We agree with Holmes and with the court below. EEOC intended to bring this suit in the form of a class action and, at this stage of the proceedings, it is a class action. When EEOC brings a class suit under § 706(f)(1), 42 U.S.C. § 2000e-5(f)(l) it too must abide by appropriate Federal Rules of Civil Procedure, including Rule 23. We note at the outset that we are not here concerned with the merits of the case. Five parties have made charges against the Holmes Company that may merit relief; we are confident that the trial court will afford them a full and fair trial on those issues. The questions here before us on this interlocutory appeal are, therefore, very narrow ones which concern merely the procedural side of this case.
The initial issue is whether this is a class action. We conclude that it is.
The trial court, in ruling that EEOC intended to bring a class action, found the law suit to be a class action (at least at this stage). Our review supports the district court’s finding in this regard. EEOC has repeatedly asserted that broad, class relief is precisely what it seeks. Its intent is evidenced not only by a fair construction of the complaint, but by other conduct as well.
First, there are the pleadings themselves.

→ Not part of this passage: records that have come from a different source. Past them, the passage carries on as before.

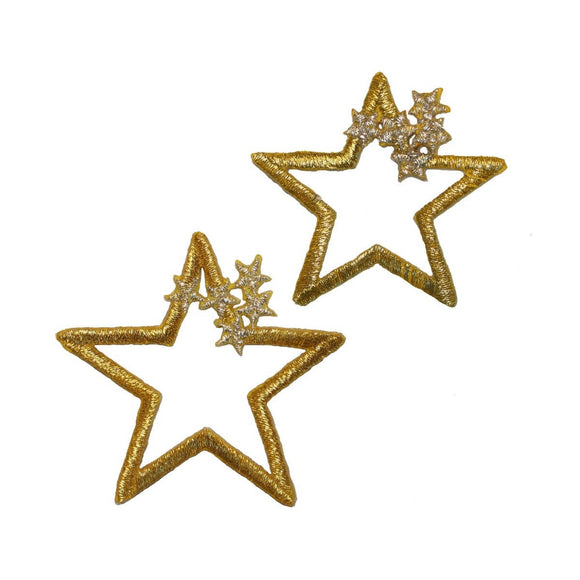 ID 3512AB Set of 2 Gold Star Outline Patch Cluster Embroidered Iron On Applique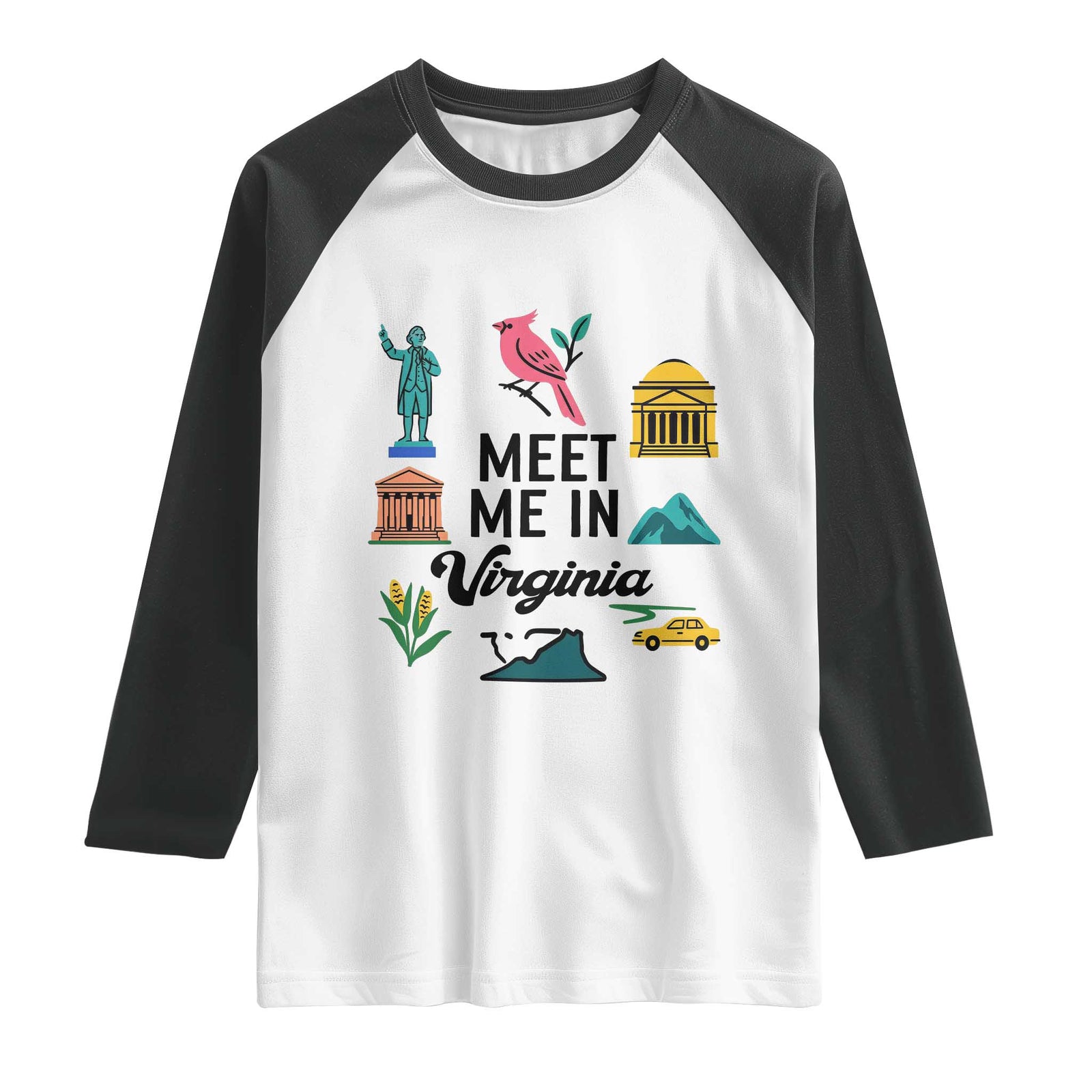 Meet Me in Virginia Raglan Shirt Travel Souvenir East Coast State Pride TS14 White Black Print Your Wear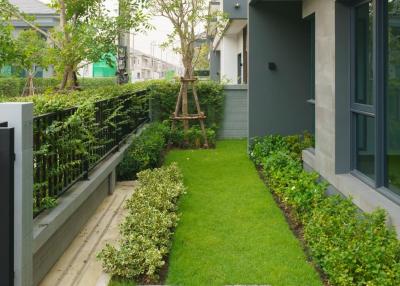 Well-manicured garden with a walking path by the house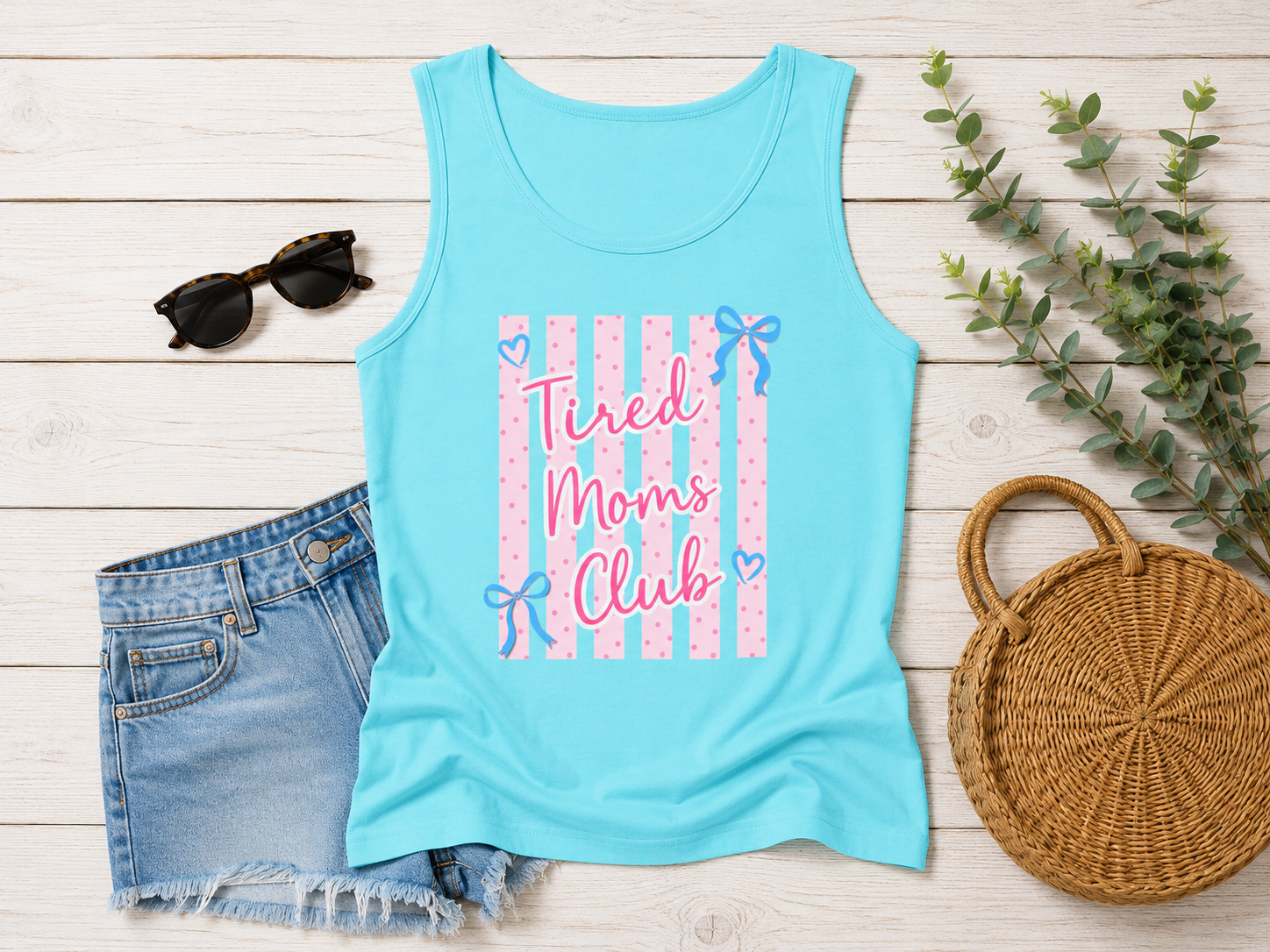 Tired Moms Club Tank Top — Cute Pink Striped Motherhood Graphic Tank Printify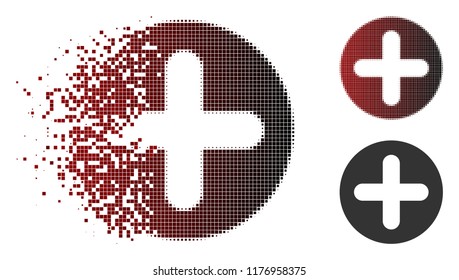 Create icon in sparkle, pixelated halftone and undamaged entire variants. Particles are organized into vector disappearing create shape.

The complaint is very broadly and vaguely drawn. It names no employee adversely affected by unlawful discharge, promotion, or other employment policy. Nor does it name any employee opposing such alleged practices who has been harassed as a result. It does not specify at which of the nine stores or in which of the 494 departments alleged violations of the Civil Rights Act took place. It does not name particular dates on which these alleged violations occurred. Instead, the complaint is drawn in the broadest terms so as to include all female employees, all nine stores, all 494 departments, and every day from July 2,1965 (the effective date of the Civil Rights Act) to the present.
Furthermore, the request for relief is likewise drawn with great generality. We pass over the prayer for injunctive relief as, class action or not, the practical effect of an injunction is likely to be the same.

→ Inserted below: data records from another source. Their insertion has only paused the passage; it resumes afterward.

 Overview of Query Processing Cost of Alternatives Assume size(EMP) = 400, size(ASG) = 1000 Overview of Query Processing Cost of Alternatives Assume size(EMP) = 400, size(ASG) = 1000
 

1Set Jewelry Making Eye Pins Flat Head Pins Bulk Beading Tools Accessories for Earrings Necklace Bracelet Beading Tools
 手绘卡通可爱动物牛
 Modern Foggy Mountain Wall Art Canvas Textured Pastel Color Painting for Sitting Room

Hawaii v. Standard Oil Co.,
405 U.S. 251, 261-62, 92 S.Ct. 885, 31 L.Ed.2d 184 (1972);
Bailey v. Patterson,
323 F.2d 201, 206 (5th Cir.),
cert. denied,
376 U.S. 910, 84 S.Ct. 666, 11 L.Ed.2d 609 (1963). But we do pause at the prayer for back pay. Such relief is sought on behalf of all “those persons adversely affected.” We can only assume this to mean that relief, if granted, is to run in favor of a class of beneficiaries defined somehow by their relationship to the wrongs alleged. If this complaint and prayer do not amount to a “class action,” we are at a loss to know what does.

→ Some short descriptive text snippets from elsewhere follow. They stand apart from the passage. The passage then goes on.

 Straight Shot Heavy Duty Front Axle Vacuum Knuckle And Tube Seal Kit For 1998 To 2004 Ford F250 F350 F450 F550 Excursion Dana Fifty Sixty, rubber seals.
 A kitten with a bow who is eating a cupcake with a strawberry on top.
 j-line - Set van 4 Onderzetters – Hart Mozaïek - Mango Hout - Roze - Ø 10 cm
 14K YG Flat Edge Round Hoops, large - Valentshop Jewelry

Second, there is the course of discovery so far. On more than one occasion, EEOC has demonstrated its belief that it had filed a class action complaint. In response to defendant’s interrogatories, EEOC answered that it had not yet determined the “number and size” of the “classes” for which it seeks back pay. Record, Vol. I at 36 (plaintiff’s answers to defendant’s first interrogatories). In the course of taking depositions, counsel for EEOC even sought to widen the scope of discovery by stating that an additional employee of Holmes would “fit into the class of females, the class aspect of this suit.” Deposition of William D. Serex, March 5, 1976 at 15.
Third, there is the fact that EEOC resisted Holmes’ motion to dismiss the class action aspect of this suit. It was EEOC’s very success in this regard that brings this interlocutory appeal before us now.
Lastly, on appeal, EEOC has accepted the fact that this is a class action. Both in its brief and at oral argument, EEOC conceded that this is a suit “which seek[s]
broad relief for a class of persons. .
. . ” Brief of EEOC at 4.
We hold, therefore, that the district court is correct. The EEOC did intend to bring a class action, hence, at this stage in the proceedings at least, it is a class action.
Kahan v. Rosenstiel,
424 F.2d 161, 169 (3rd Cir.)
cert. denied
398 U.S. 950,90 S.Ct. 1870, 26 L.Ed.2d 290 (1970);
Torres v. Dept. of Labor,
318 F.Supp. 1313, 1317 (S.D.N.Y. 1970).
The second issue is whether the EEOC, when it brings a class action pursuant to § 706(f)(1), 42 U.S.C. § 2000e~5(f)(lXSupp. V 1975), must follow Rule 23. We conclude that it must.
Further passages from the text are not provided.